▶ _What you should do_:
In the entries that follow, repeat exactly the lines from the one that has "Antique HENRY NOCK" through the one that has "NAPOLEONIC ERA British", but omit pictures.

▶ _Material for the task_:
****

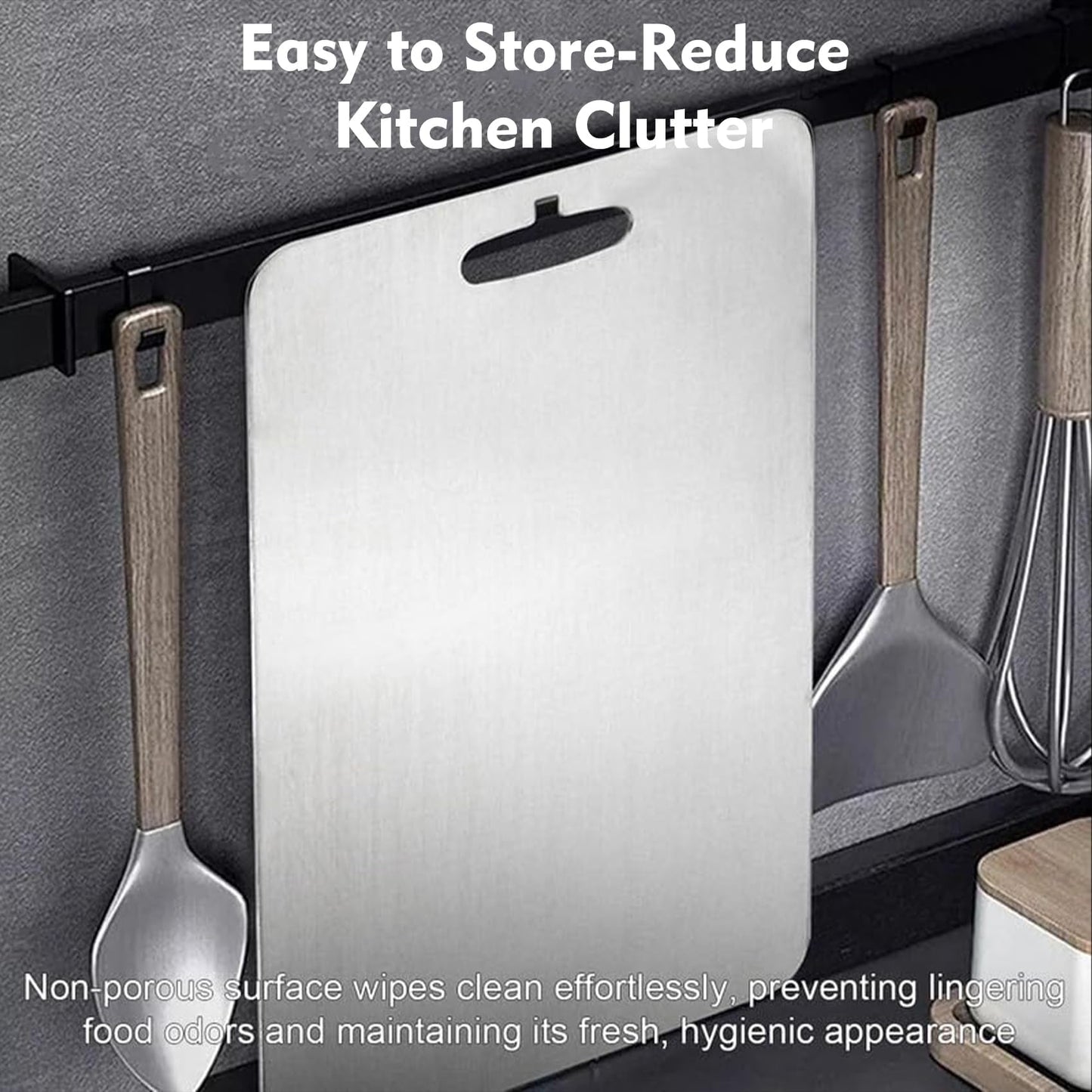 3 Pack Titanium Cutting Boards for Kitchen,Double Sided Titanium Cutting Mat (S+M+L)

****

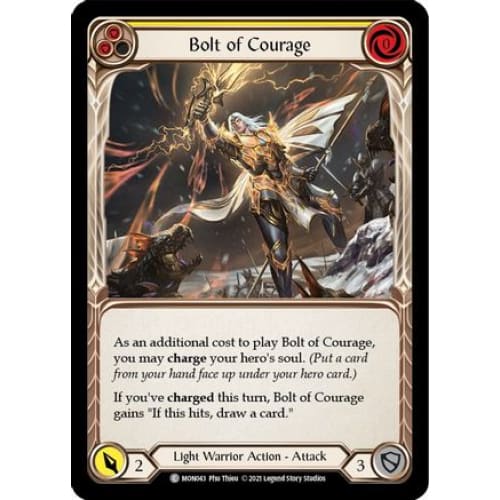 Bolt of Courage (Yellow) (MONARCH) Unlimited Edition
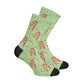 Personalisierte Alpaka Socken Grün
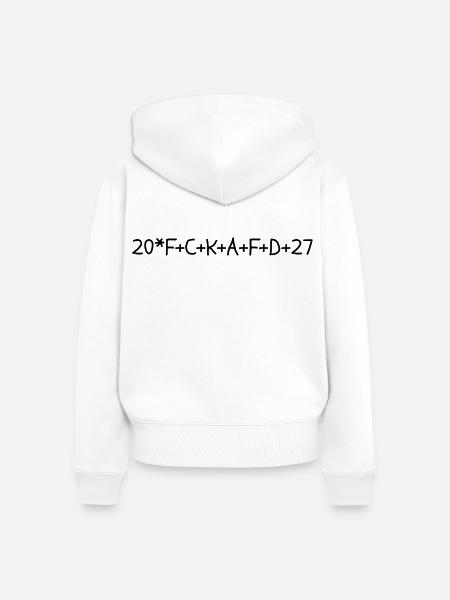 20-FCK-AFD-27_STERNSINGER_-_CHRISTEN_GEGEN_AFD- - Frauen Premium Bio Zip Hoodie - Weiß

****

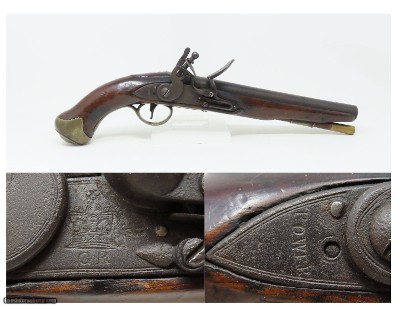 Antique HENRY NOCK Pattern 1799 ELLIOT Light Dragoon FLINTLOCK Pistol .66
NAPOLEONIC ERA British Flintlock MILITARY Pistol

****

▶ _Output below_:
 Antique HENRY NOCK Pattern 1799 ELLIOT Light Dragoon FLINTLOCK Pistol .66
NAPOLEONIC ERA British Flintlock MILITARY Pistol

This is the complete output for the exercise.